Introduction Cough in asthma is common, troublesome, predicts severity and poor prognosis, yet remarkably little is understood about the underlying neuronal mechanism. Currently available asthma medications are not designed to directly treat cough, the archetypal airway neuronal reflex. Previous studies have commonly used the dose of capsaicin that evokes two coughs (C2) or five coughs (C5) as the standard measure to assess the sensitivity of the cough reflex. These measures poorly discriminate between health and disease, and correlate only weakly with objective cough rates.2 A novel challenge methodology that uses the maximum number of evoked coughs (Emax) as an end point better discriminates between health and disease and correlates strongly with subjective cough measures.2
Objective To assess the differences in the maximum cough responses evoked by capsaicin (Emax) between asthmatics and healthy volunteers.
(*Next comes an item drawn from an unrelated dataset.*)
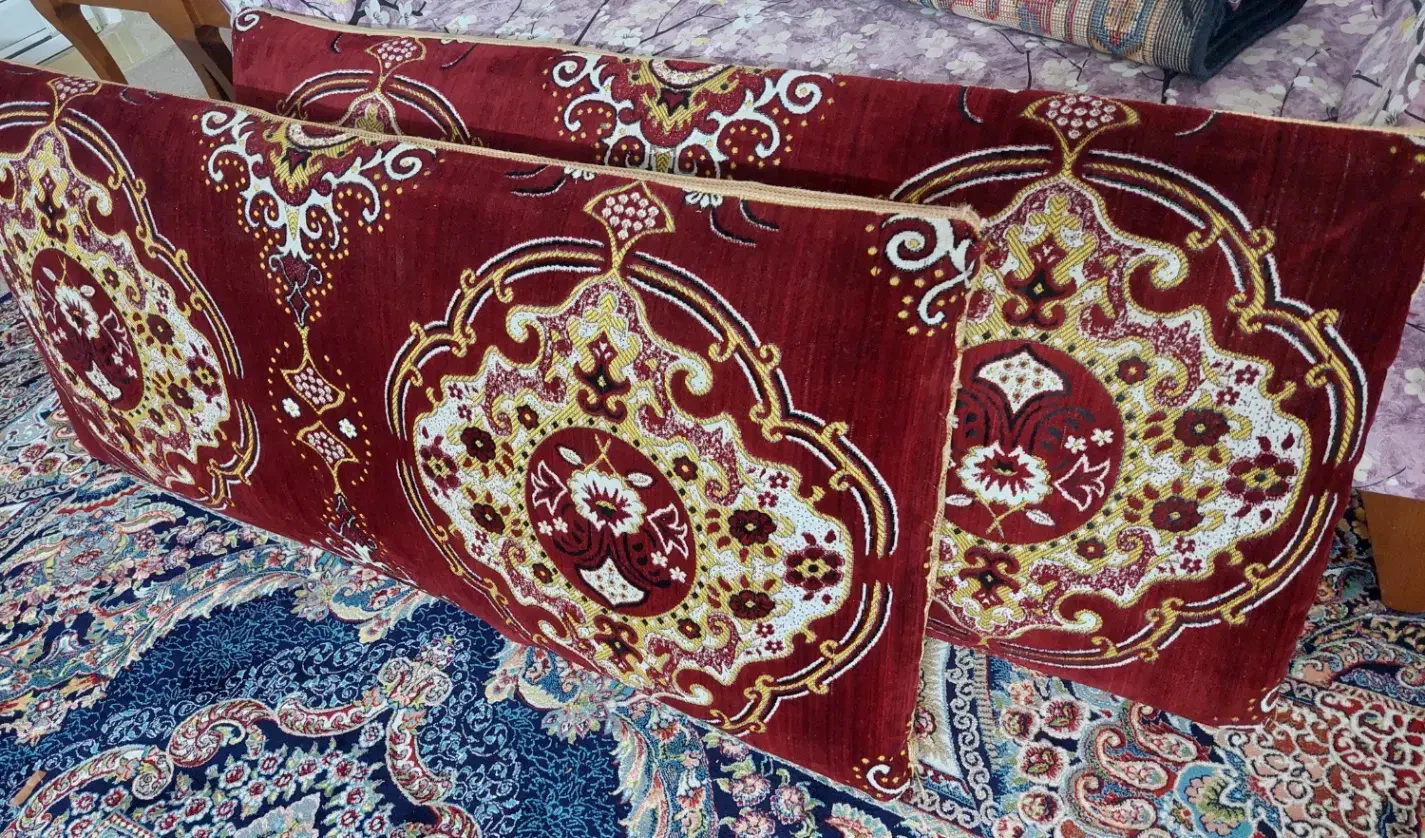 یک جفت پشتی|پشتی|بجنورد, |دیوار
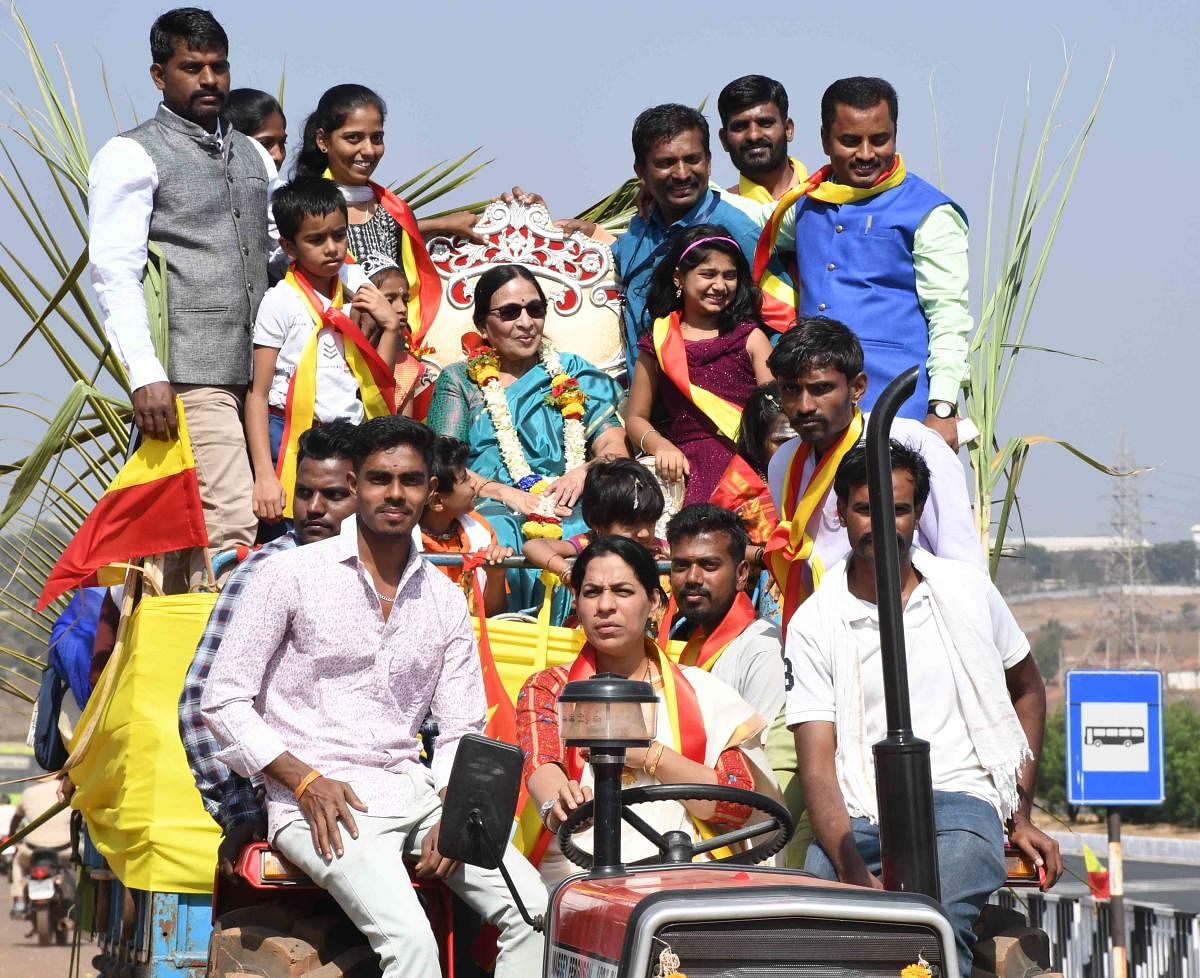 ಧಾರವಾಡ ತಾಲ್ಲೂಕಿನ ಮುಮ್ಮಿಗಟ್ಟಿ ಗ್ರಾಮದಲ್ಲಿ ತಾಲ್ಲೂಕು ಕನ್ನಡ ಸಾಹಿತ್ಯ ಸಮ್ಮೇಳನಾಧ್ಯಕ್ಷೆ ಲೀಲಾ ಕಲಕೋಟಿ ಮೆರವಣಿಗೆ ನಡೆಯಿತು. ಮಹಿಳೆ ಟ್ರ್ಯಾಕ್ಟರ್ ನಡೆಸುವ ಮೂಲಕ ಗಮನ ಸೆಳೆದರು.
Method A capsaicin inhalational challenge (doubling doses 0.49 to 1000[micro]M) was performed. Four inhalations 30 seconds apart were performed at each concentration and the total coughs evoked at each dose were recorded and verified using a cough monitor. The highest total number of coughs evoked at any dose of capsaicin is denoted Emax.
Results Fourty nine asthmatics were compared with 47 healthy volunteers. There was a significant difference in the median age between groups (asthmatics 22.9 (IQR 20–27), healthy volunteers 38.0 (29–47) p < 0.001). Equal ratios of females were recruited in both groups (31 in asthmatics and 30 in healthy volunteers). There were no significant differences in gender, body mass index, smoking history or lung function. Asthmatics were of the mild to moderate category (BTS steps 1/2/3, 45/39/16%). There was a significant difference in the Emaxbetween asthmatics (mean coughs 20.5 (SD±10.1) and healthy volunteers 13.1 (±7.2) (p < 0.001). See Figure 1.
Conclusion Using this novel full dose response methodology, this data suggests that even during stability, asthmatics have an exaggerated cough response to capsaicin. This suggests that sub-groups of asthmatics have neuronal dysfunction which can identified by this capsaicin challenge.